« Paris – Willouby », un film d’Arthur Delaire et Quentin Reynaud
L’affiche fait irrésistiblement penser à celle de l’excellent Little Miss Sunshine. C’est vrai et faux à la fois. Vrai dans son visuel, faux dans son contenu qui n’a rien à voir.
Ce que nous proposent ces deux jeunes bordelais (30 ans de moyenne d’âge !) dans leur premier long s’apparente au genre road movie, genre rebattu qui connaît des hauts et des bas. Celui-ci s’approche sérieusement du podium des meilleurs pour pas mal de raisons. La moindre de celles-ci n’est pas la formidable justesse de ton qui se déploie à longueur de plans, de situations et de répliques. Porté par une distribution exemplaire, ce film nous amène sur un vrai Chemin de Damas. Dans un espace confiné, un immense 4×4, les réalisateurs entassent une famille pour le moins décomposée, à tous les sens du terme. Père, mère, demi-fratrie, oncle un rien déjanté s’en vont, bon gré mal gré, à l’enterrement d’un grand-père. Ils partent de Paris direction Willouby. Ne cherchez pas sur la carte, cette ville n’existe pas et n’est que la rescapée partielle et virtuelle d’un premier projet scénaristique qui se terminait en Angleterre. Contre mauvaise fortune, bon cœur, nos réalisateurs gardent cette destination improbable afin de donner une connotation onirique à ce voyage qui, dès lors, devient initiatique.
Au cœur de la tempête qui se déclenche dans ce véhicule, un pilier se dresse, inébranlable : Claire, la mère (Isabelle Carré comme toujours épatante). Encaissant les coups avec vaillance, elle tente de porter cette famille sur ses épaules. Positive jusqu’à l’extrême, elle essaie en permanence de repriser les mailles qui filent sur ce tissu fragile. A ses côtés, Maurice, son mari (Stéphane De Groodt parfait en prof de philo), n’ose lui dire qu’il va être muté à Poitiers. Il ronge son frein et supporte stoïquement l’embrasement permanent. Les enfants, Lucie, Alexandre et Prune, entre 8 et 20 ans, pas tous du même lit, vivent avec les problèmes de leur âge. Et puis, il y a Marc, le frère de Claire, l’oncle quadra, parasite de cette famille dans laquelle il s’est littéralement incrusté. Le vrai barré, c’est lui. En rupture depuis de longues années avec son paternel, que l’on enterre aujourd’hui, il n’a plus de repères et part à la dérive. Dans ce rôle, Alex Lutz, l’inénarrable Catherine quotidienne de Canal +, nous propose enfin une autre facette de son talent, une facette bien difficile à imaginer. Et c’est une réussite. Sans pathos aucun, il trace un portrait aux contours douloureux qui nous vaut une scène finale d’une émotion considérable. Un grand talent.

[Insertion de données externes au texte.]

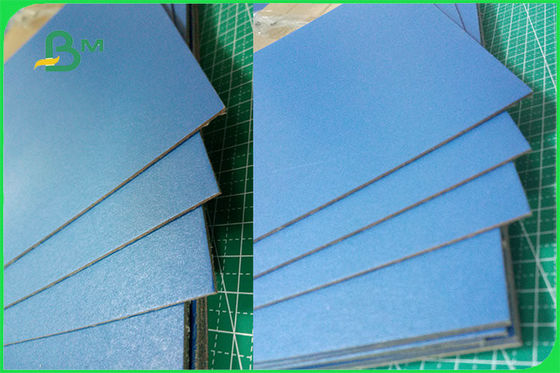 ক্রিসমাস গিফট বক্সগুলির জন্য এফএসসি রঙিন চকচকে বার্নিশ রিগিড পেপারবোর্ড 2.0 মিমি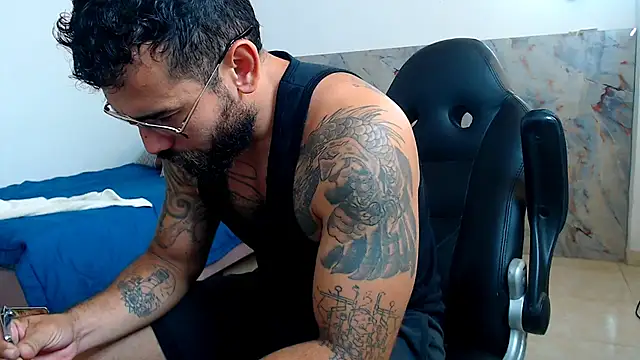 Snapshot of hanz_col chatting on November 2025 10:37:01 AM hanz col online show from November 2025 10:37:01 AM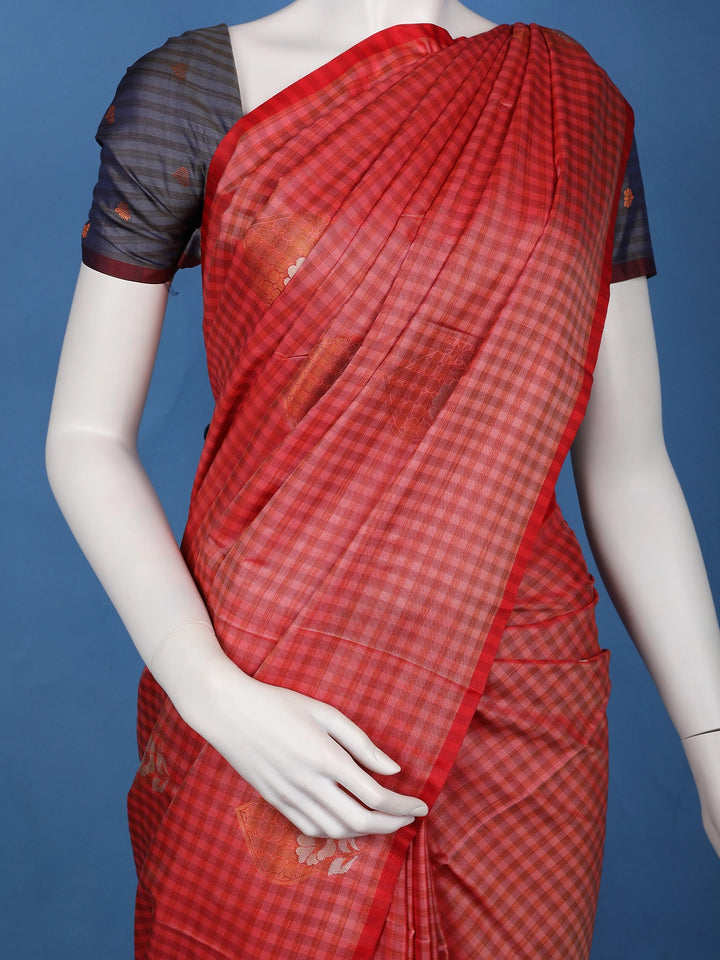 Maroon Red Checked Pattern Silk Saree - Diadem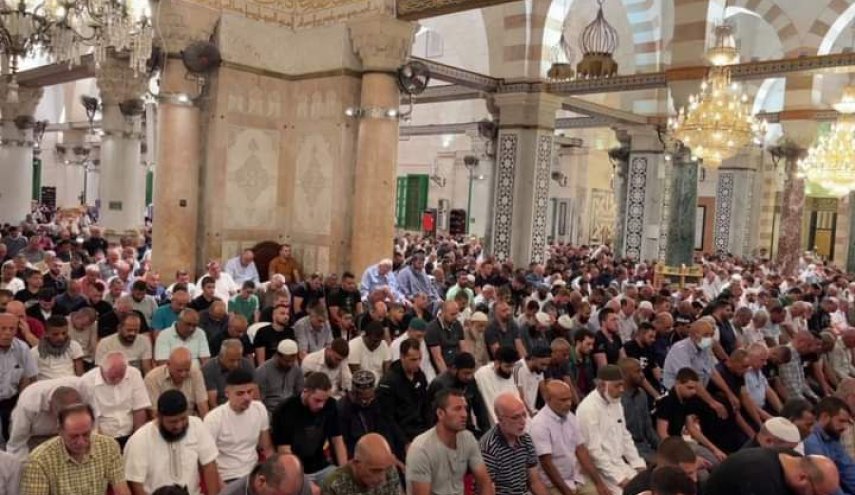 بالصور.. الآلاف يؤمّون الأقصى بصلاة الفجر في جمعة ’رباطنا درع’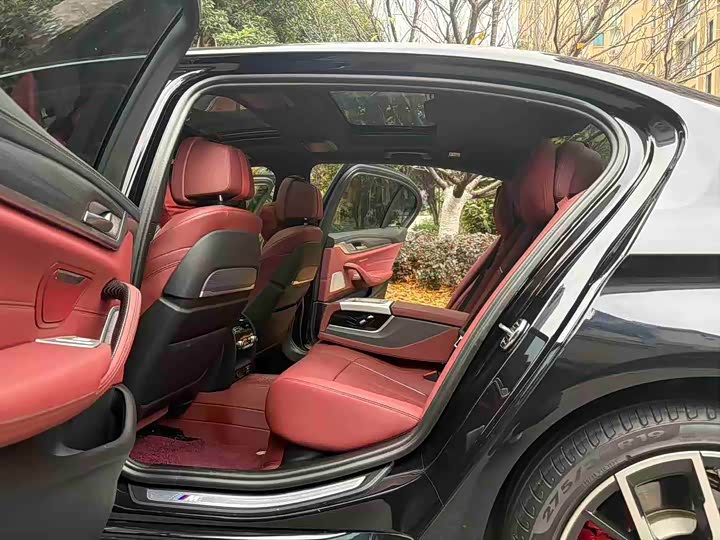 Фото 4 - BMW 5 Series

Teinté autant d’humour de situation que de poésie teintée de mélancolie et d’une touche d’onirisme, ce film, dans lequel affleure le vécu des réalisateurs, nous fait grâce des bons mots et privilégie l’authenticité des rapports humains. Empathie générale assurée !
Robert Pénavayre
Delaire et Q. Reynaud – Quatre mains qui n’en font qu’une
C’est par le biais d’amis communs que ces deux jeunes hommes, d’une petite vingtaine d’années alors, se sont croisés. En fait ce fut une véritable rencontre dont voici cinq ans après le résultat. Afin de donner plus de cohérence lors du tournage, ils ont écrit et réalisé leur premier long d’une seule main, à savoir que dans leur binôme n’existe pas la séparation technique et artistique. Entièrement story-boardé, leur film est d’une précision stupéfiante, le montage au cordeau ajoutant à l’efficacité autant dramatique que comique.